→ EXCERPTED DATA:
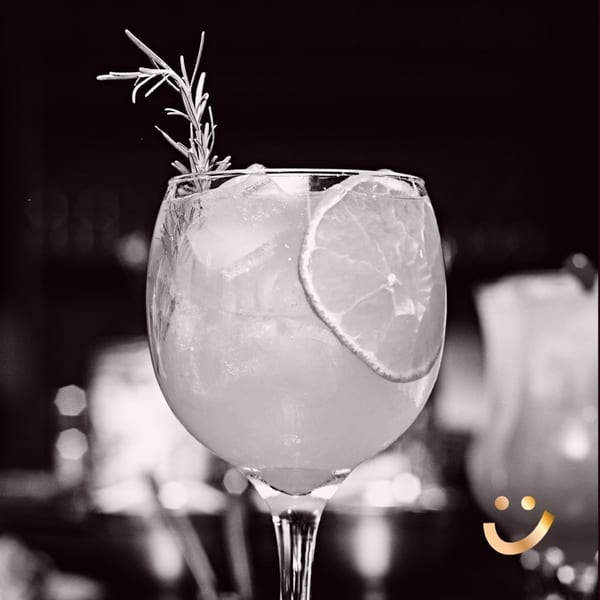 Black and white close-up of a cocktail with a citrus slice and rosemary sprig.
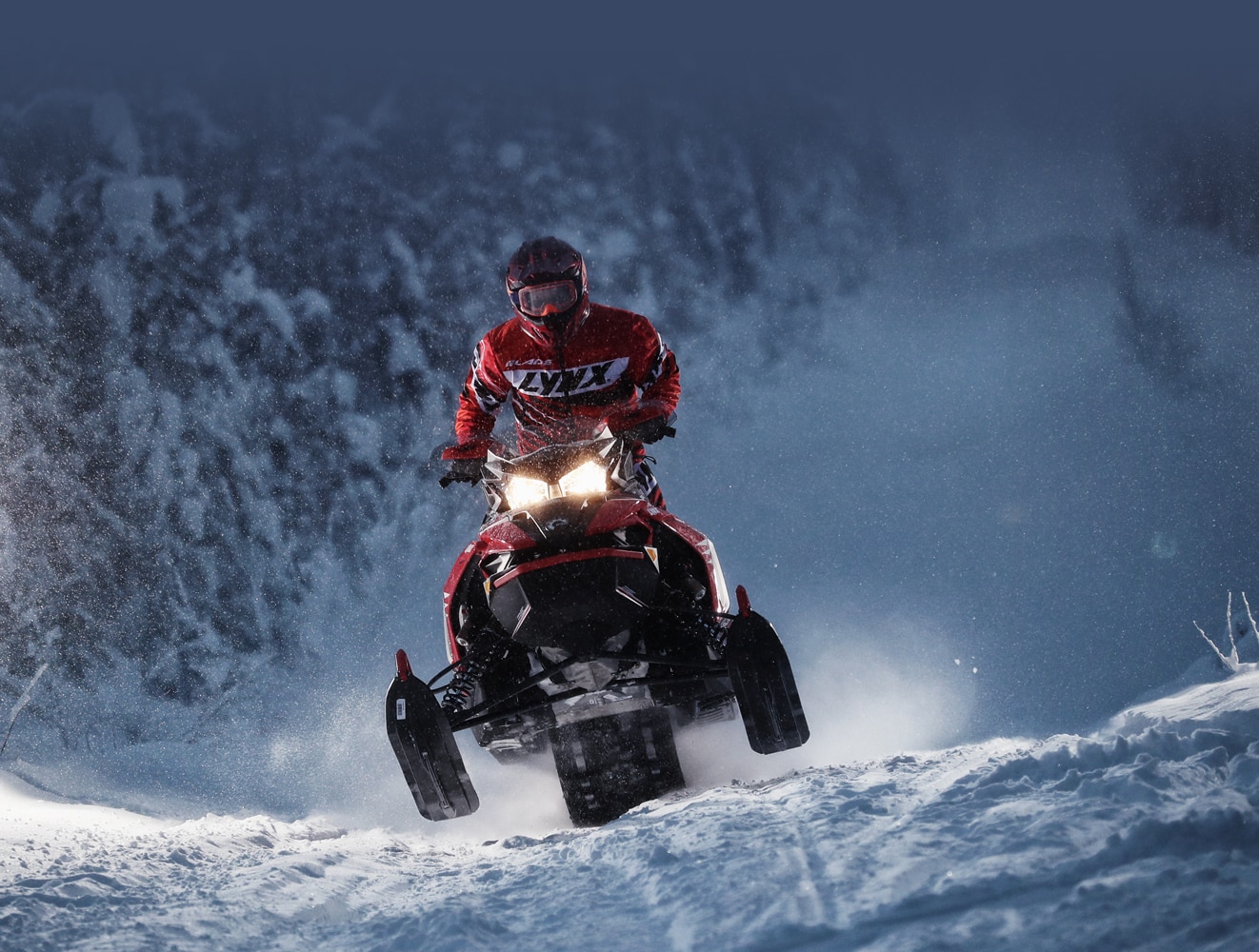 A man is riding his Lynx Rave Re Snowmobile Model at high speed during the night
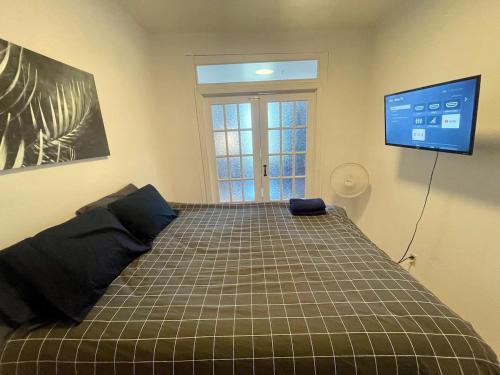 a bedroom with a bed with a tv on the wall at FULL KITCHEN 12MIN from dtown Room B in Montréal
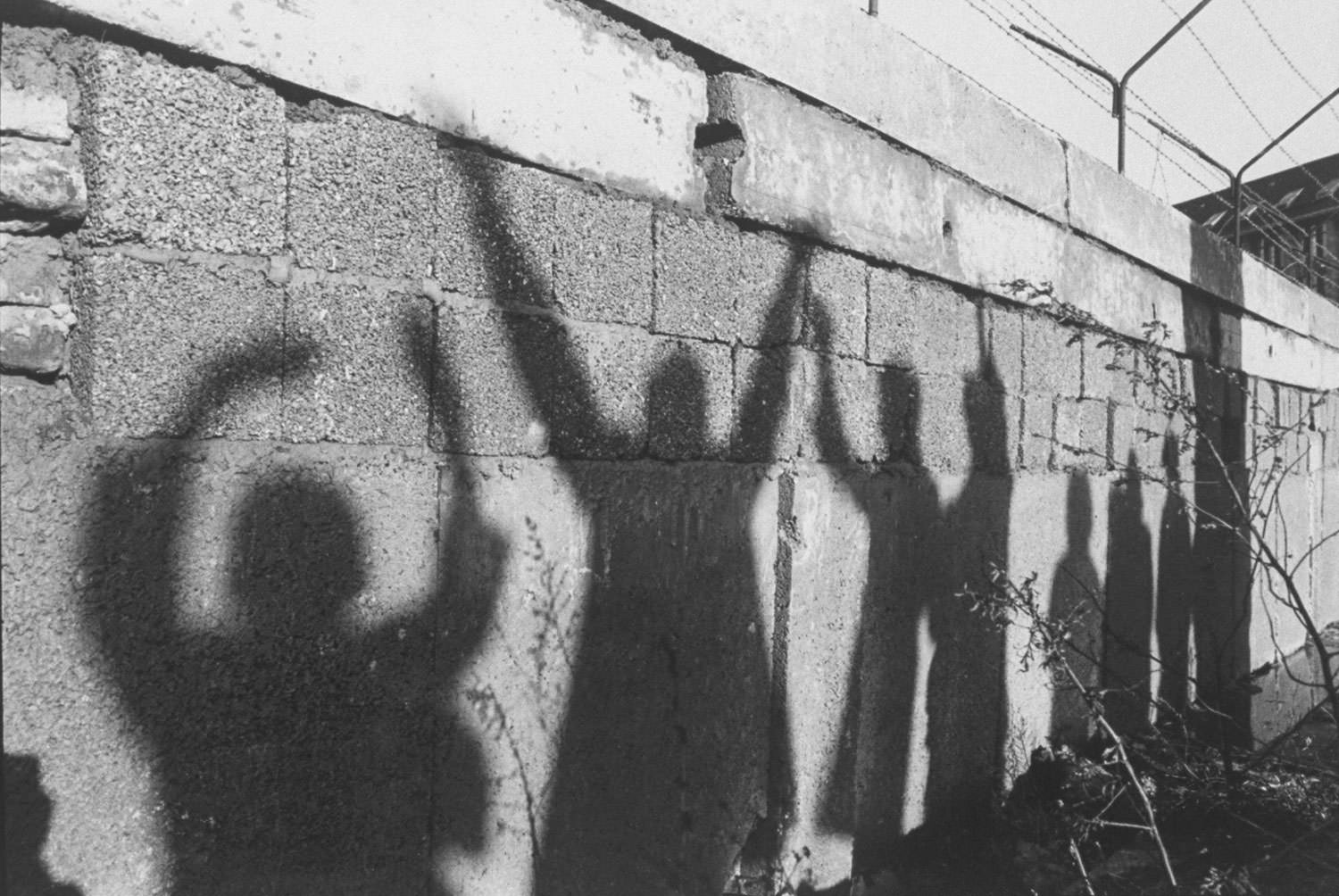 The Berlin Wall bears the shadowy silhouettes of West Berliners waving to their relatives on the unseen, Eastern side of the Wall in December 1962.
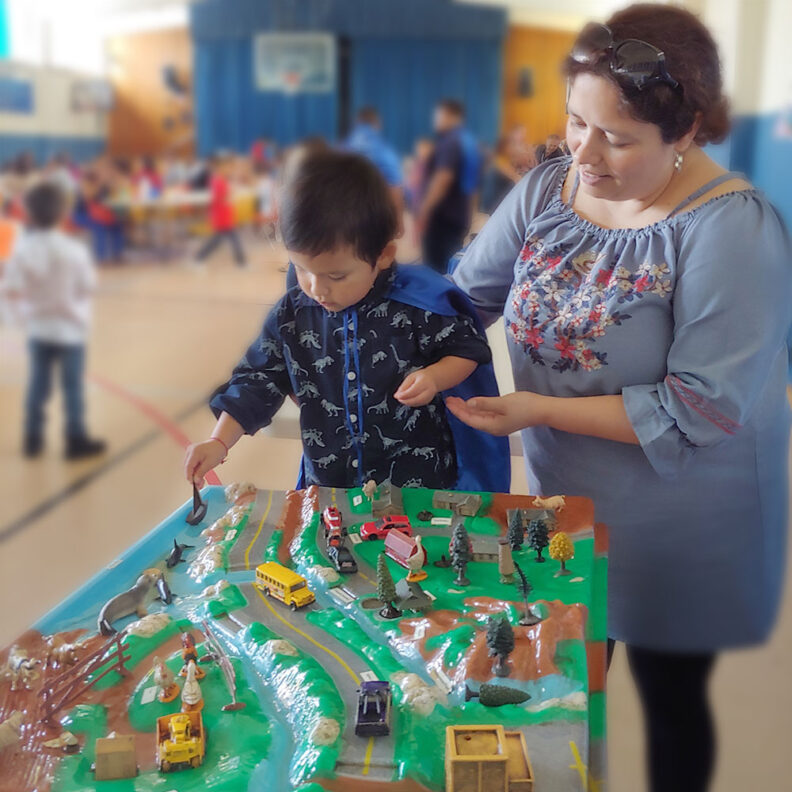 A young child interacts with a tabletop model of roads, rivers, and buildings with an adult.
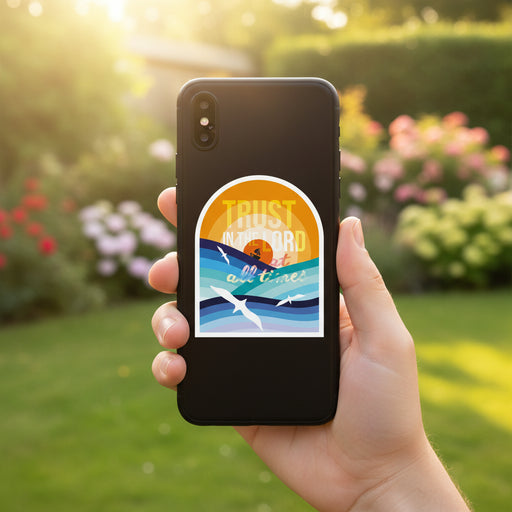 Arched sticker or print featuring a stylized seascape with blue and teal waves, white seagulls, a small sailboat, and the text 'TRUST IN THE LORD at all times' over an orange and yellow sun.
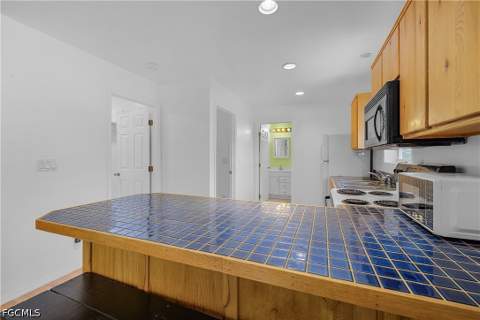 7322 Hibiscus Ave, Bokeelia FL - photo 6 of 26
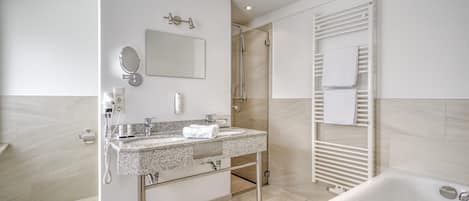 A modern bathroom with a freestanding bathtub, a walk-in shower, and a vanity with a mirror and towel rack.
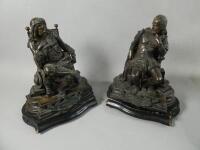 A pair of bronzed spelter figures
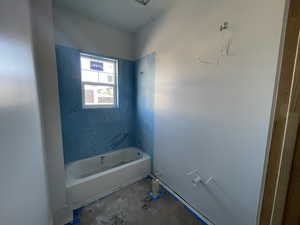 Full bath with a bath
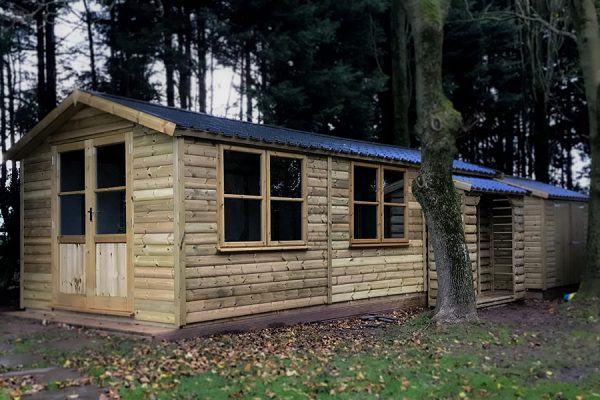 Large garden building with wood storage area built and designed by Viking Garden Buildings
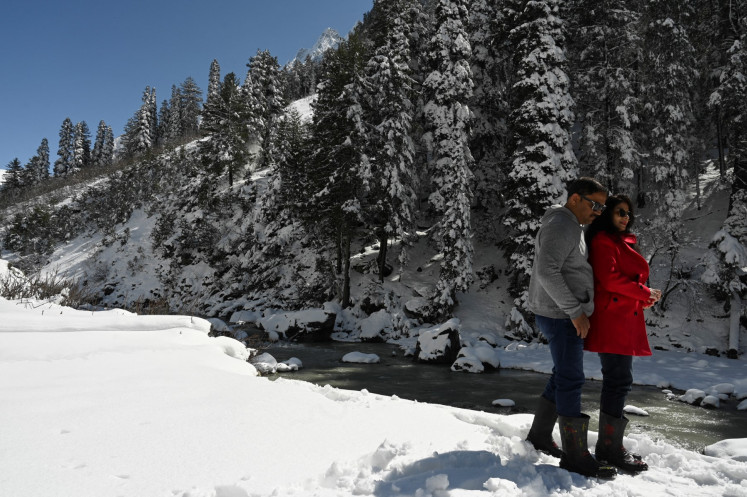 Tourists walk in a snow-covered park on Feb. 28, 2021, at Gagangeer, some 70 kilometers northeast of Srinagar, Jammu, India.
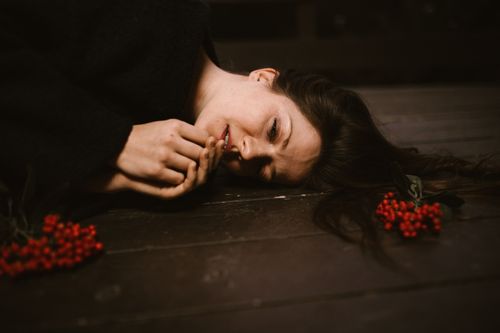 Free Caucasian woman on wooden floor surrounded by red berries, creating a moody composition. Stock Photo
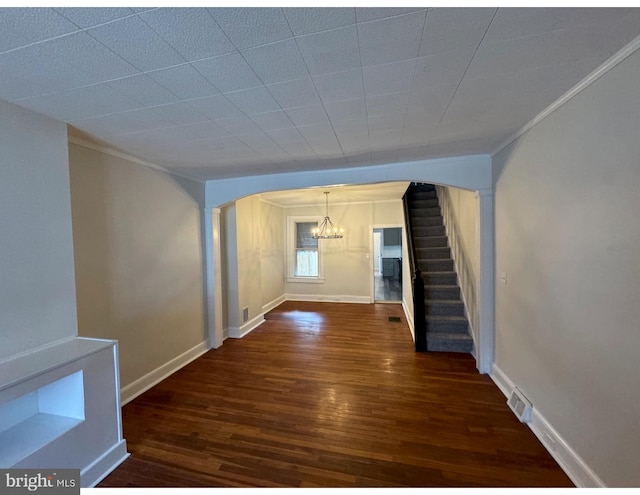 interior space featuring arched walkways, dark wood-style flooring, stairway, and baseboards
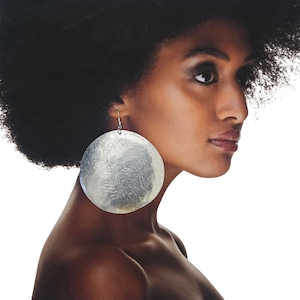 Puede incluir: Una mujer de piel oscura y cabello negro voluminoso lleva pendientes grandes, plateados y circulares. Los pendientes tienen una superficie texturizada y cuelgan de sencillos ganchos plateados. La imagen es un retrato con fondo blanco.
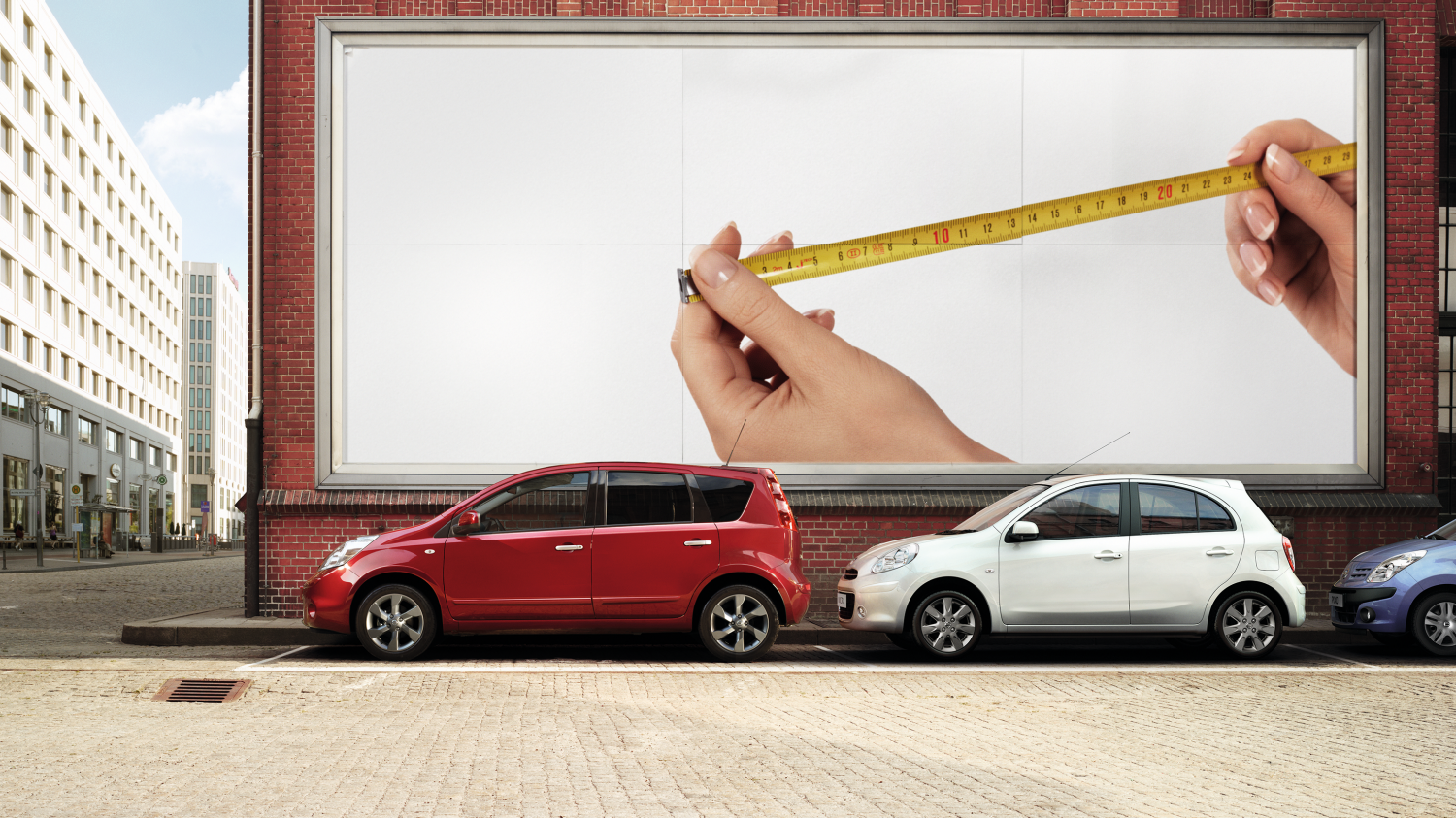 Driver side profile parked in front of billboard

→ WHAT IS REQUIRED: Nothing should be printed except the lines from the one with "Puede incluir: Una" through the last line of the listing above, both ends included; please drop the pictures.

→ EXERCISE RESULT:
 Puede incluir: Una mujer de piel oscura y cabello negro voluminoso lleva pendientes grandes, plateados y circulares. Los pendientes tienen una superficie texturizada y cuelgan de sencillos ganchos plateados. La imagen es un retrato con fondo blanco.
 Driver side profile parked in front of billboard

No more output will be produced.